- **WHAT THE TASK REQUIRES**: The response should contain all of the data below, reproduced exactly, and no pictures.

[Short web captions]
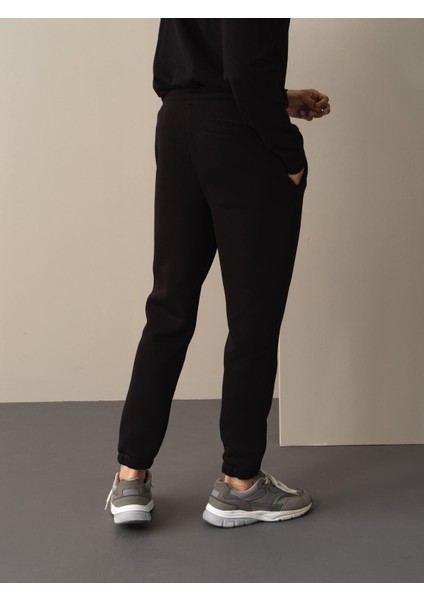 Erkek Siyah Basic Sweat Pantolon fırsatları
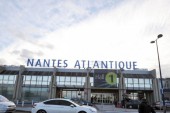 Un islamiste assigné à résidence prend l’avion à Nantes avec un arsenal d’armes blanches en soute.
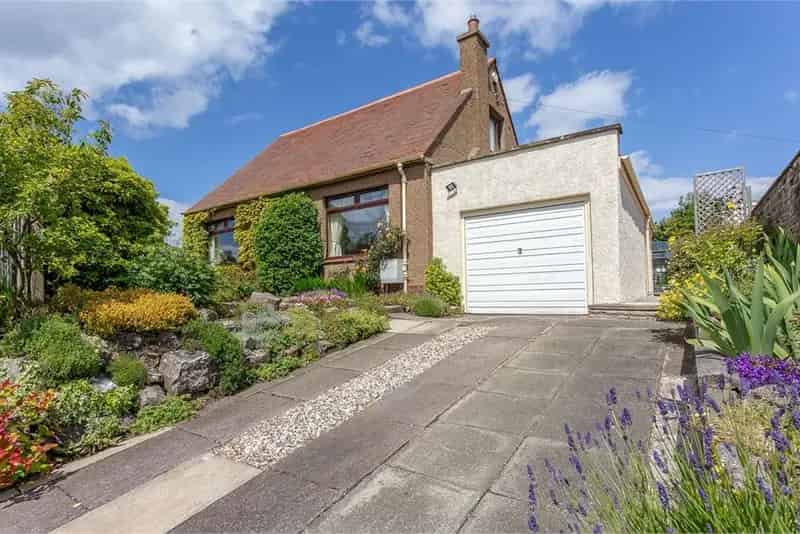 4 Bed Detached House with 3 Reception Rooms and Garden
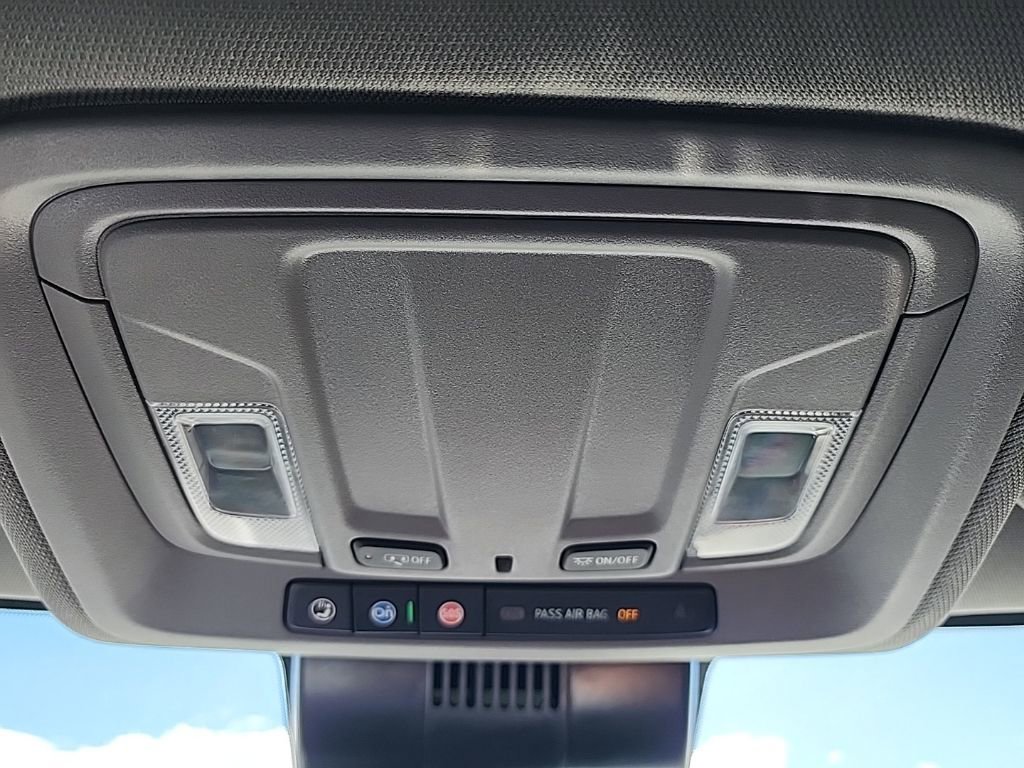 Used 2024 Chevrolet Silverado 2500 LT image 30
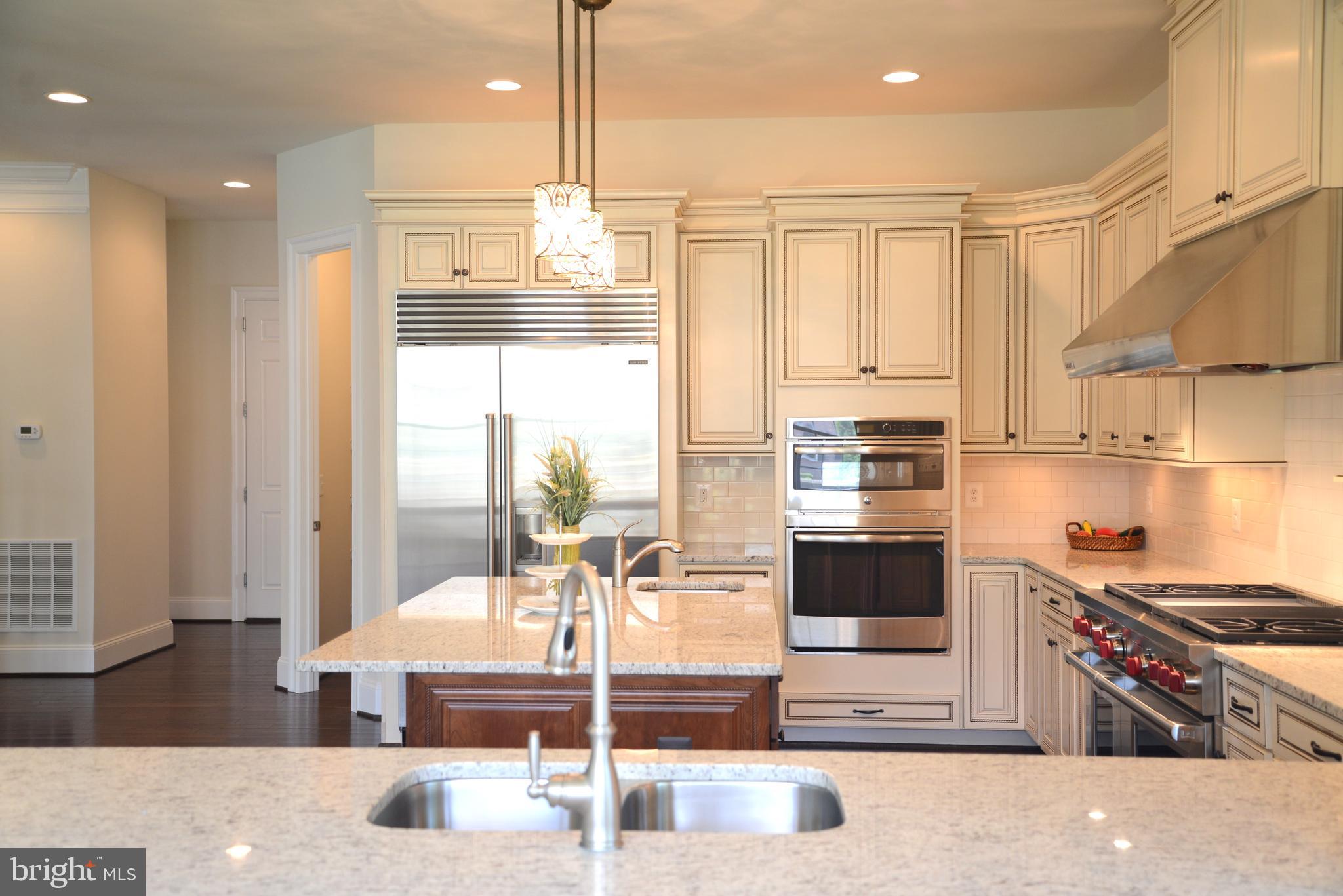BROYHILLS MCLEAN ESTATES - Residential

- **RESPONSE AREA**:
 Erkek Siyah Basic Sweat Pantolon fırsatları
 Un islamiste assigné à résidence prend l’avion à Nantes avec un arsenal d’armes blanches en soute.
 4 Bed Detached House with 3 Reception Rooms and Garden
 Used 2024 Chevrolet Silverado 2500 LT image 30
BROYHILLS MCLEAN ESTATES - Residential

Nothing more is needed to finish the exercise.